Diffractive lightsailing would extend solar sail capability beyond what’s possible with missions in development today. The project is led by Amber Dubill of the Johns Hopkins University Applied Physics Laboratory in Laurel, Maryland. The feasibility of the concept was previously studied under NIAC’s Phase I and Phase II awards, led by Dr. Grover Swartzlander of Rochester Institute of Technology in New York, who continues as a co-investigator on the project. Les Johnson, lead for two of NASA’s upcoming solar sail missions at NASA’s Marshall Space Flight Center in Huntsville, Alabama, also is a co-investigator. Under the earlier awards, the team designed, created, and tested different types of diffractive sail materials; conducted experiments; and designed new navigation and control schemes for a potential diffractive lightsail mission orbiting the Sun’s poles.

 

Work under Phase III will optimize the sail material and perform ground tests in support of this conceptual solar mission. Orbits passing over the Sun’s north and south poles are difficult to achieve using conventional spacecraft propulsion. Lightweight diffractive lightsails, propelled by the constant pressure of sunlight, could place a constellation of science spacecraft in orbit around the Sun’s poles to advance our understanding of the Sun and improve our space weather forecasting capabilities.

 

“Diffractive solar sailing is a modern take on the decades old vision of lightsails.
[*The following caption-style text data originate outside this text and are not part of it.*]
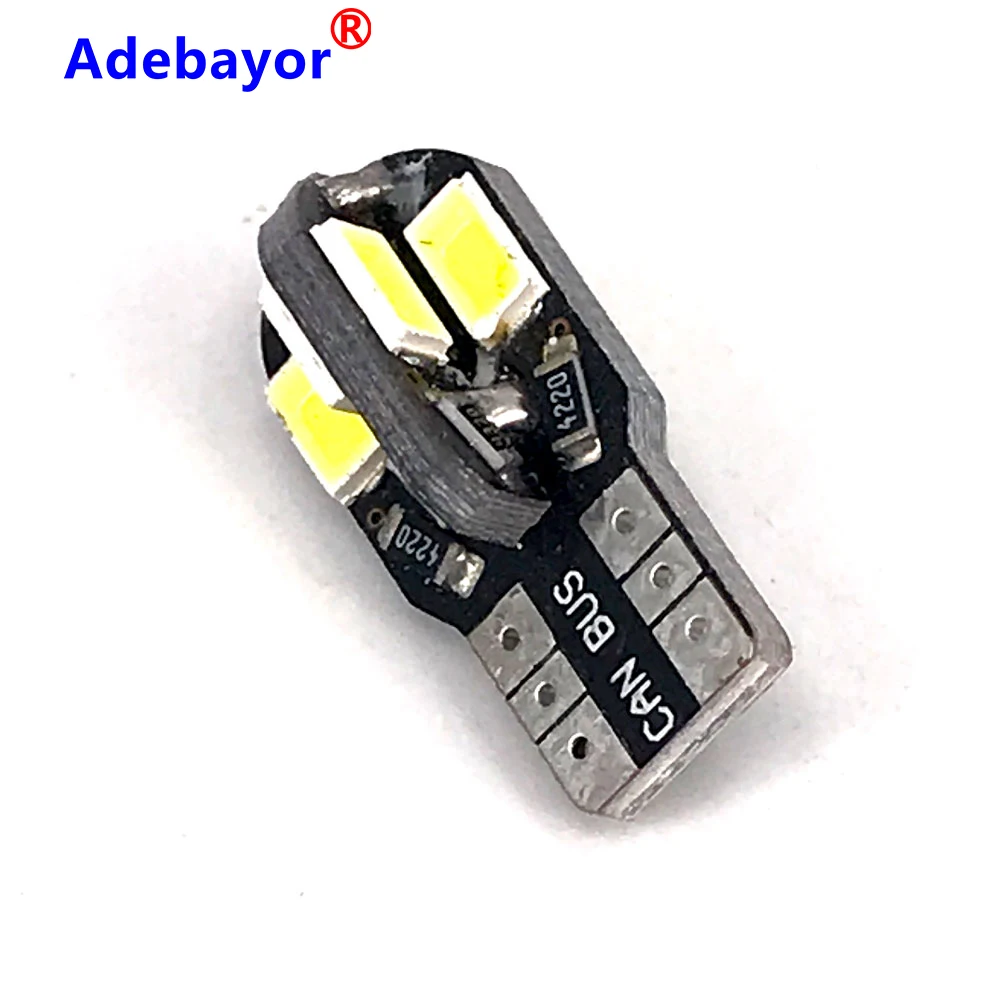 Светодиодная CAN шина без ошибок 20 шт. W5W лампочка 12 В T10 5630 белая 8 5730 SMD светодиодная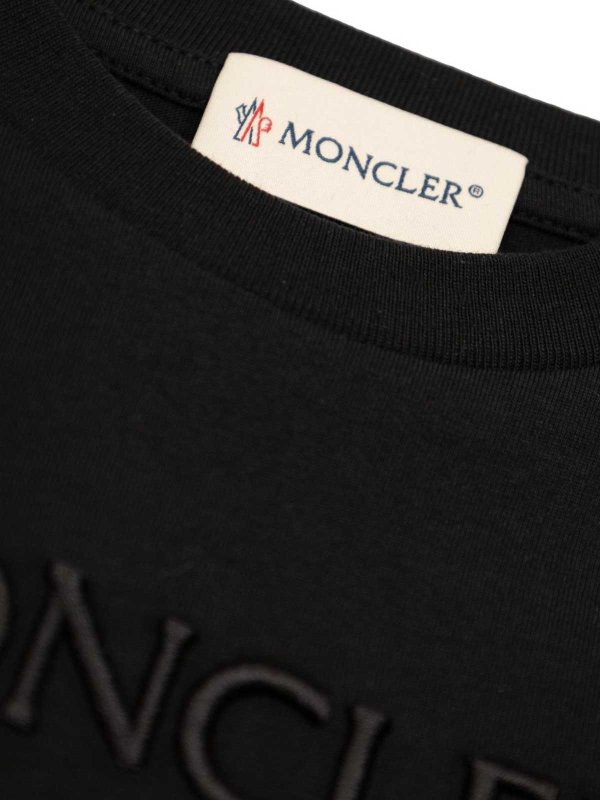 The Best Shops MONCLER JR: T-shirts - T-Shirt - Schwarz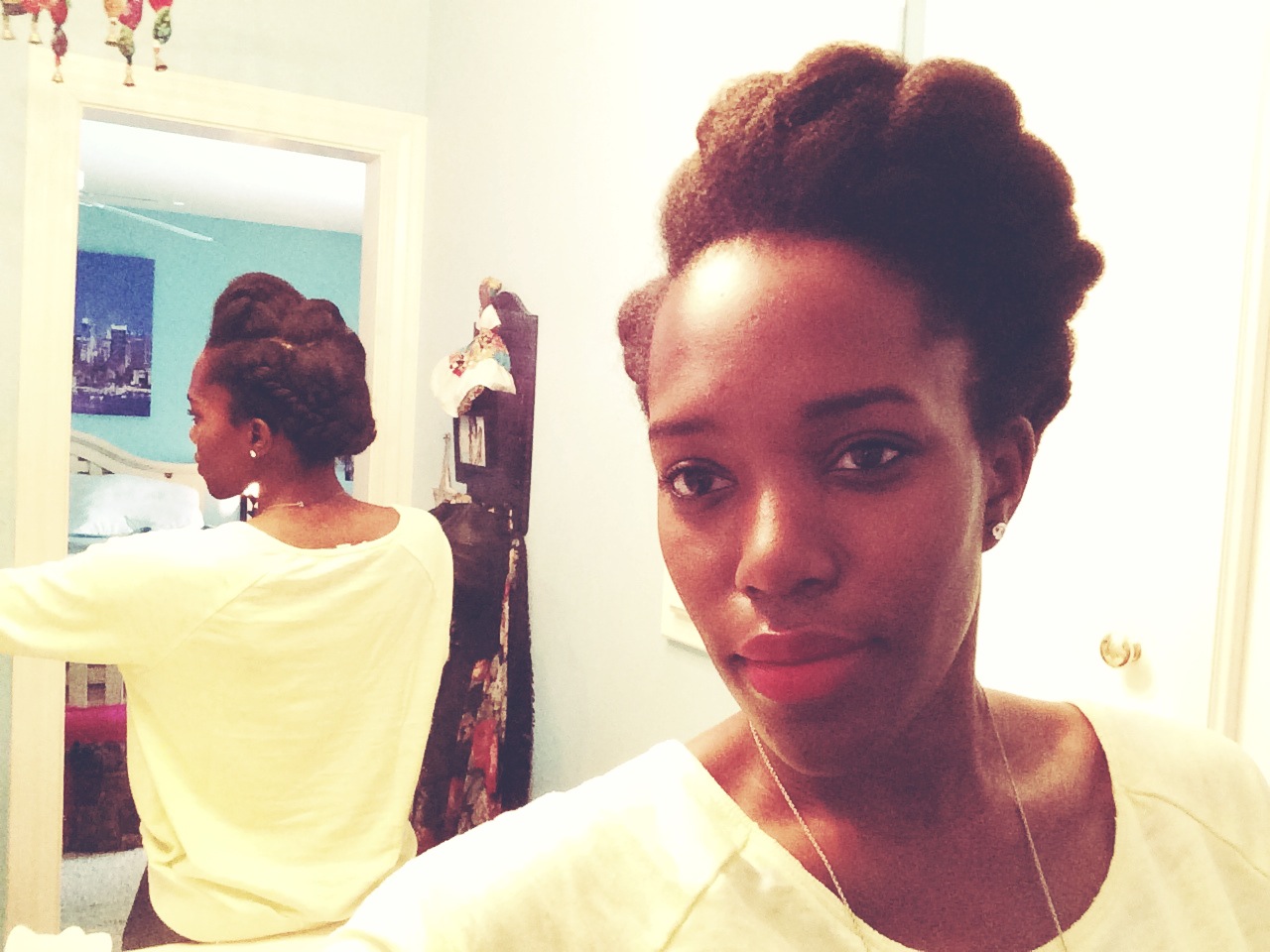 Natural Hair How-To: Protective Style Two Strand Twist Updo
While this technology can improve a multitude of mission architectures, it is poised to highly impact the heliophysics community’s need for unique solar observation capabilities,” said Dubill. “With our team’s combined expertise in optics, aerospace, traditional solar sailing, and metamaterials, we hope to allow scientists to see the Sun as never before.”

 

NIAC supports visionary research ideas through multiple progressive phases of study. NASA announced 17 Phase I and Phase II proposal selections in February 2022. NIAC is funded by NASA’s STMD, which is responsible for developing the new cross-cutting technologies and capabilities needed by the agency to achieve its current and future missions.